__Required action__:
Repeat verbatim, and only, the lines of the data below, beginning at the line that contains "2004' Volkswagen Golf" and stopping after the line that contains "SHANGHAI, CHINA - APRIL".

Crawled caption data:
——

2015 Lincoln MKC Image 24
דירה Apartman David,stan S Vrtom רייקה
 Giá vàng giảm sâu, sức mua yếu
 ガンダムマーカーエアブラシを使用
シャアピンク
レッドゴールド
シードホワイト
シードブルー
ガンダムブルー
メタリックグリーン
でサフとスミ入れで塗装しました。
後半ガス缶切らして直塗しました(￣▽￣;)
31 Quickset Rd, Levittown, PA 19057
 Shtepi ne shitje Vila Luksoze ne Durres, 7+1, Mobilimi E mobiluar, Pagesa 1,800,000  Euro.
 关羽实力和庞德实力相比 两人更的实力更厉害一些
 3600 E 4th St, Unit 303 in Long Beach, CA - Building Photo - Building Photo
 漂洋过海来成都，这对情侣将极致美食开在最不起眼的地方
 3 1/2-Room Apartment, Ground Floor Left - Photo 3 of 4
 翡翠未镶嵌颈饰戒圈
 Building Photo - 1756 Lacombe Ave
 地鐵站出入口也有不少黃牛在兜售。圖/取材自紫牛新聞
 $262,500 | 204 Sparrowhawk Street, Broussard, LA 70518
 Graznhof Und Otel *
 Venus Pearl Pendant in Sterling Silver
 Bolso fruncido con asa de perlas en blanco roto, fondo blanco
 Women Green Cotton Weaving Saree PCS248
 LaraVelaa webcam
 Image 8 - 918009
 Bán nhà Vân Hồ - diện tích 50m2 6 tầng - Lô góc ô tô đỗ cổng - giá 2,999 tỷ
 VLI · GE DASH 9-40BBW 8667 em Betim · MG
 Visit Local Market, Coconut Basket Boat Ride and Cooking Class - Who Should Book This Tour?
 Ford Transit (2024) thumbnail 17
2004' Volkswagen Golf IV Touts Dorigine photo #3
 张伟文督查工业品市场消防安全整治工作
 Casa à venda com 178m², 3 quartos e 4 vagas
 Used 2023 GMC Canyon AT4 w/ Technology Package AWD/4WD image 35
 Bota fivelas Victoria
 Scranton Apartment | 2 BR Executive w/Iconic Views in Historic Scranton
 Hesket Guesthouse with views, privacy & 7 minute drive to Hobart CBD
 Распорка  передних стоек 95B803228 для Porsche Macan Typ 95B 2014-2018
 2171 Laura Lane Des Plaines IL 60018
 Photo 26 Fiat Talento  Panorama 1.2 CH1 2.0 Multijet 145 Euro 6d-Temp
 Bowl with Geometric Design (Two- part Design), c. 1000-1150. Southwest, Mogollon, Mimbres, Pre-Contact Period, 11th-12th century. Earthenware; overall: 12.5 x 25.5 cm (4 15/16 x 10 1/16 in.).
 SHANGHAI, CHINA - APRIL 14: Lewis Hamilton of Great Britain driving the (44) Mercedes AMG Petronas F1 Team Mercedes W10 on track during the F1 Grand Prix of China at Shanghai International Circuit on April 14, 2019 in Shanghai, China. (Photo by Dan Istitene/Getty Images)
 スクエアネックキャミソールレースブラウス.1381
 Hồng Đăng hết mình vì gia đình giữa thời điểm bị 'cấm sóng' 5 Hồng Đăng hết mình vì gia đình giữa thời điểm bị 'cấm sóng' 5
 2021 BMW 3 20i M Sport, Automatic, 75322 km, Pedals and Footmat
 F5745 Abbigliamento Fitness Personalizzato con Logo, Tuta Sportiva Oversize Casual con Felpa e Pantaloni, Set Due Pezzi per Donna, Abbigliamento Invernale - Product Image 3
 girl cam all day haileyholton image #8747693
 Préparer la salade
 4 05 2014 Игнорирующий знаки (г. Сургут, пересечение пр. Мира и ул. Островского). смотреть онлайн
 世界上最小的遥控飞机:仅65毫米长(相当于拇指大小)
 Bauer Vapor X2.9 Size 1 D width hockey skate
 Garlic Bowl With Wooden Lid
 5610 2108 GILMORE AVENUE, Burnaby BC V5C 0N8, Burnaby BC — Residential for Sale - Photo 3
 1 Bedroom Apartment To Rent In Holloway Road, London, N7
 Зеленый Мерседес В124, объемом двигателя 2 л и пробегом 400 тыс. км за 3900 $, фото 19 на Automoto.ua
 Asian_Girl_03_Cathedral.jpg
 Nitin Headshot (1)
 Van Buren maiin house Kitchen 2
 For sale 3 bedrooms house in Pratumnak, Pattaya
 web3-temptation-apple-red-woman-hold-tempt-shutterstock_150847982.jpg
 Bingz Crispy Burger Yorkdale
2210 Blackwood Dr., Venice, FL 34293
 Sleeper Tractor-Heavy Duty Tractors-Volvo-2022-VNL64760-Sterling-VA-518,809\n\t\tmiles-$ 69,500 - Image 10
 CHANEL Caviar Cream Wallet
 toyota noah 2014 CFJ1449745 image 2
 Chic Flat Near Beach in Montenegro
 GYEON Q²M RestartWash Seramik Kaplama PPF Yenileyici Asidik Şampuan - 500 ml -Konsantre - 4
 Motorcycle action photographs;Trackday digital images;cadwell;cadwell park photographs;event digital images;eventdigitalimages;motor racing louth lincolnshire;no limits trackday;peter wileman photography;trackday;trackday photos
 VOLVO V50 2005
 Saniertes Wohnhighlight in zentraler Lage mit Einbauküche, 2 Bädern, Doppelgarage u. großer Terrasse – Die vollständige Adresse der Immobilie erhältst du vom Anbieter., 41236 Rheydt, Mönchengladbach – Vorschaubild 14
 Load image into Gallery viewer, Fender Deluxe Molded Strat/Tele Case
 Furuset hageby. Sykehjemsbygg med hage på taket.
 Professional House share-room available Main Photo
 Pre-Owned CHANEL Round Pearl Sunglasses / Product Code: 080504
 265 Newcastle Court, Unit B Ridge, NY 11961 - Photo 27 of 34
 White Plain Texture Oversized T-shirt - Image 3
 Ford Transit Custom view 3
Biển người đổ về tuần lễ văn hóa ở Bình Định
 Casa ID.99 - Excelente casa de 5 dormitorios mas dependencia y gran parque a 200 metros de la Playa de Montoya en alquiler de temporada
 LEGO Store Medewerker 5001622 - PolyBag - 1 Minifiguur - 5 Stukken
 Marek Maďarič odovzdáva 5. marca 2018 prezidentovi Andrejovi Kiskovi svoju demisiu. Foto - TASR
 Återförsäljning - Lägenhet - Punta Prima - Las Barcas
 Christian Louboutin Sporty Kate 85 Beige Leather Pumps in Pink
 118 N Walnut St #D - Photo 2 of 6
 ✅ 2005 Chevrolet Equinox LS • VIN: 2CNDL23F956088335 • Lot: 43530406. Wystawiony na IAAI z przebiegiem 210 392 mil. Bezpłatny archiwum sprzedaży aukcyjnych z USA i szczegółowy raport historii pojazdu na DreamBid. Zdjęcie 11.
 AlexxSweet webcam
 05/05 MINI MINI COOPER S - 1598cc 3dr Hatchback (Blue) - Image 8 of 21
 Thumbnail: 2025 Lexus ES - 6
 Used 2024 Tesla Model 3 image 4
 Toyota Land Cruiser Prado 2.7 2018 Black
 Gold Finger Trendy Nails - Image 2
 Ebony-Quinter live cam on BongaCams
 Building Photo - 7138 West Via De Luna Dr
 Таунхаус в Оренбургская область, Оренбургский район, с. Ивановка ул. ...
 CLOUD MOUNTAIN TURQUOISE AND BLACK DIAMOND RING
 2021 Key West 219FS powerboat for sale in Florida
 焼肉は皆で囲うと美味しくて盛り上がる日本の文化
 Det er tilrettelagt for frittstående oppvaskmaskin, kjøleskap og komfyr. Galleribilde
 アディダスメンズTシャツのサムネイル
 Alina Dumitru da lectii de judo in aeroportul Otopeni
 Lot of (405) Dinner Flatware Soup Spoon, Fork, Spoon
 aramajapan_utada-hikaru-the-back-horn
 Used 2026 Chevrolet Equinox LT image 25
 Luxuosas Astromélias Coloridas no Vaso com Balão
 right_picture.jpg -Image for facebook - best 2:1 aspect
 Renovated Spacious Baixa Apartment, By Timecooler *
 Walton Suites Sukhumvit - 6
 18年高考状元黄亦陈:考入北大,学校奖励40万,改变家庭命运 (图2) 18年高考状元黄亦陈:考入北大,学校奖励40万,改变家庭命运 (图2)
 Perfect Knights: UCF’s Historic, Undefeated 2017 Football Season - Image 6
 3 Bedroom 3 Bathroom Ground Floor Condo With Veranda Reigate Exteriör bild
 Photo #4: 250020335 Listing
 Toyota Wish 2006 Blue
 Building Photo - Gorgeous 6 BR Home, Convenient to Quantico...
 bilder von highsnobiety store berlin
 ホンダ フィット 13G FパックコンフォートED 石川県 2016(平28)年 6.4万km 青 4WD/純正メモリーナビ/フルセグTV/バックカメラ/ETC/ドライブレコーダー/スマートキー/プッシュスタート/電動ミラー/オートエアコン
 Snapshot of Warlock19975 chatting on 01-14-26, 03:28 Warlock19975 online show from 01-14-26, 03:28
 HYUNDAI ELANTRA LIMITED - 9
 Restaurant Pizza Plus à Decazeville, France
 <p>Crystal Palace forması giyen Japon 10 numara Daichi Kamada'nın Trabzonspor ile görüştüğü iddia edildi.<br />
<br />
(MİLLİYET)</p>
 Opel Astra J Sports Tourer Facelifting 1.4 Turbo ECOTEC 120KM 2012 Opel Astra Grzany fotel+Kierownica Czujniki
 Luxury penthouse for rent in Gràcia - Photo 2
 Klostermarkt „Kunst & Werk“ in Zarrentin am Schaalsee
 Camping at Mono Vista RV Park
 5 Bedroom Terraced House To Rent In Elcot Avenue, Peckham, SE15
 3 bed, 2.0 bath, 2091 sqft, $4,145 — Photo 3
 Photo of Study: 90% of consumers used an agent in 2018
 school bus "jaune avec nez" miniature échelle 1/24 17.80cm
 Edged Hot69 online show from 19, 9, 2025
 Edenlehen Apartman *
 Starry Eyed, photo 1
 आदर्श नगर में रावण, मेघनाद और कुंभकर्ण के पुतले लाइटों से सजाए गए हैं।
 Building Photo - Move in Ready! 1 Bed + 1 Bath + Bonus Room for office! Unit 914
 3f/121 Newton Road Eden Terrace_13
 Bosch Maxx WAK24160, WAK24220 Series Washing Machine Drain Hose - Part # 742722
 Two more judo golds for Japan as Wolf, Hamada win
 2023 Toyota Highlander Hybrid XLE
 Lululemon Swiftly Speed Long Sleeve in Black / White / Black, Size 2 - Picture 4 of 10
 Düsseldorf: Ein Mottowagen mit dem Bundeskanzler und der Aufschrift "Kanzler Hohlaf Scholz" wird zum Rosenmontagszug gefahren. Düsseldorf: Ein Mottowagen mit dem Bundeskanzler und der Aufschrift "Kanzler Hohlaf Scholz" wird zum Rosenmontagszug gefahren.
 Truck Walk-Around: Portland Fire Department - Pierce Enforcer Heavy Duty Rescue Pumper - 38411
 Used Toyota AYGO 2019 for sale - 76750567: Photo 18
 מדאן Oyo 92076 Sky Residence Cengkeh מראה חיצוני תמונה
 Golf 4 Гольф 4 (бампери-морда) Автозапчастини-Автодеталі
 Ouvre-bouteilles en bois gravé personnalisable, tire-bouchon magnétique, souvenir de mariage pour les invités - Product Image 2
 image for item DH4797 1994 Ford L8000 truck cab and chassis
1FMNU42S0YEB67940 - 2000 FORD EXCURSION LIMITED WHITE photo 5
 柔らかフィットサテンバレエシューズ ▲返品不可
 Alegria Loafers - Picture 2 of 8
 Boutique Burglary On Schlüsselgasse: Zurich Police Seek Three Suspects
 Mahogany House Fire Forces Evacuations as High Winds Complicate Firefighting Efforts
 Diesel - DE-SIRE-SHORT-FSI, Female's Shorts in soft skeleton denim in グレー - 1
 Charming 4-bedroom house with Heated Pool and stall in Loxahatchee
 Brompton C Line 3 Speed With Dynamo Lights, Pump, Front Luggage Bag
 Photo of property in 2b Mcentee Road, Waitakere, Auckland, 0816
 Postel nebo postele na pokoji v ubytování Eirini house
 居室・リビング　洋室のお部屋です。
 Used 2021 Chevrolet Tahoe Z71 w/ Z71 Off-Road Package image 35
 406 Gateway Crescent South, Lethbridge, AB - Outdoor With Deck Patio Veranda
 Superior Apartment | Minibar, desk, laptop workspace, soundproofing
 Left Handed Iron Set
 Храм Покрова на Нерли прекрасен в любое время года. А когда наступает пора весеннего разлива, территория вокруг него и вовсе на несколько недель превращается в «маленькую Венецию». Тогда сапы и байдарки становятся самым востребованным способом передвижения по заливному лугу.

——

__Output of the task__:
2004' Volkswagen Golf IV Touts Dorigine photo #3
 张伟文督查工业品市场消防安全整治工作
 Casa à venda com 178m², 3 quartos e 4 vagas
 Used 2023 GMC Canyon AT4 w/ Technology Package AWD/4WD image 35
 Bota fivelas Victoria
 Scranton Apartment | 2 BR Executive w/Iconic Views in Historic Scranton
 Hesket Guesthouse with views, privacy & 7 minute drive to Hobart CBD
 Распорка  передних стоек 95B803228 для Porsche Macan Typ 95B 2014-2018
 2171 Laura Lane Des Plaines IL 60018
 Photo 26 Fiat Talento  Panorama 1.2 CH1 2.0 Multijet 145 Euro 6d-Temp
 Bowl with Geometric Design (Two- part Design), c. 1000-1150. Southwest, Mogollon, Mimbres, Pre-Contact Period, 11th-12th century. Earthenware; overall: 12.5 x 25.5 cm (4 15/16 x 10 1/16 in.).
 SHANGHAI, CHINA - APRIL 14: Lewis Hamilton of Great Britain driving the (44) Mercedes AMG Petronas F1 Team Mercedes W10 on track during the F1 Grand Prix of China at Shanghai International Circuit on April 14, 2019 in Shanghai, China. (Photo by Dan Istitene/Getty Images)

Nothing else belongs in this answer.